New Zealand academic and chemist

Edward Neill Baker (born 29 October 1942) is a New Zealand scientist specialising in protein purification and crystallization and bioinformatics. He is currently a distinguished professor at the University of Auckland.

== Biography ==
Born at Port Stanley in 1942 to New Zealanders Harold and Moya (née Boak) Baker, he spent his early life in the Falkland Islands, where his father was the superintendent of education. The family returned to New Zealand in 1948. He was educated at King's College, Auckland from 1956 to 1960. After studying chemistry at the University of Auckland, completing his PhD in 1967, he conducted postdoctoral research on the structure of insulin with Nobel laureate Dorothy Hodgkin at the University of Oxford.
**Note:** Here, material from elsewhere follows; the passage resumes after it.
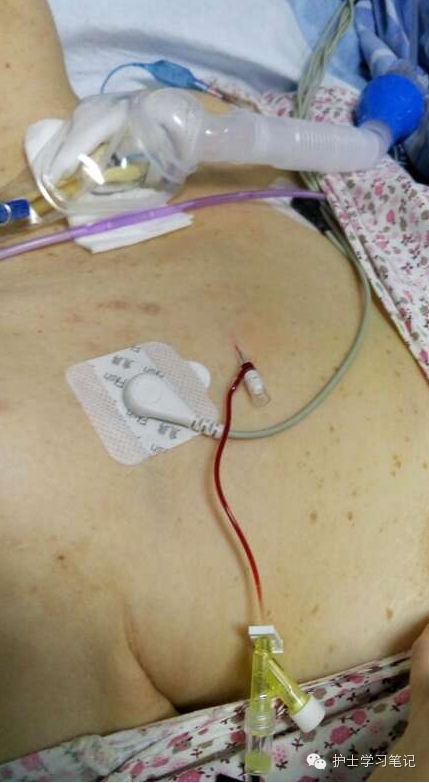 能穿刺的静脉都没成功,这些位置的静脉你可以试试(图15) 护士静脉穿刺技巧_静脉输液扎针技巧_静脉穿刺奇葩部位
He then took up an academic post at Massey University, where he determined the structure of the kiwifruit enzyme actinidin. In 1997 he moved back to the University of Auckland where he became professor of structural biology and later direct of the Maurice Wilkins Center for Molecular Diversity. He also served as president of the International Union of Crystallography between 1996 and 1999.

Baker was elected a Fellow of the Royal Society of New Zealand in 1987, and won the society's Hector Medal in 1997. He was awarded the Rutherford Medal, the highest honour in New Zealand science, in 2006. In the 2007 Queen's Birthday Honours, he was appointed a Companion of the New Zealand Order of Merit, for services to science.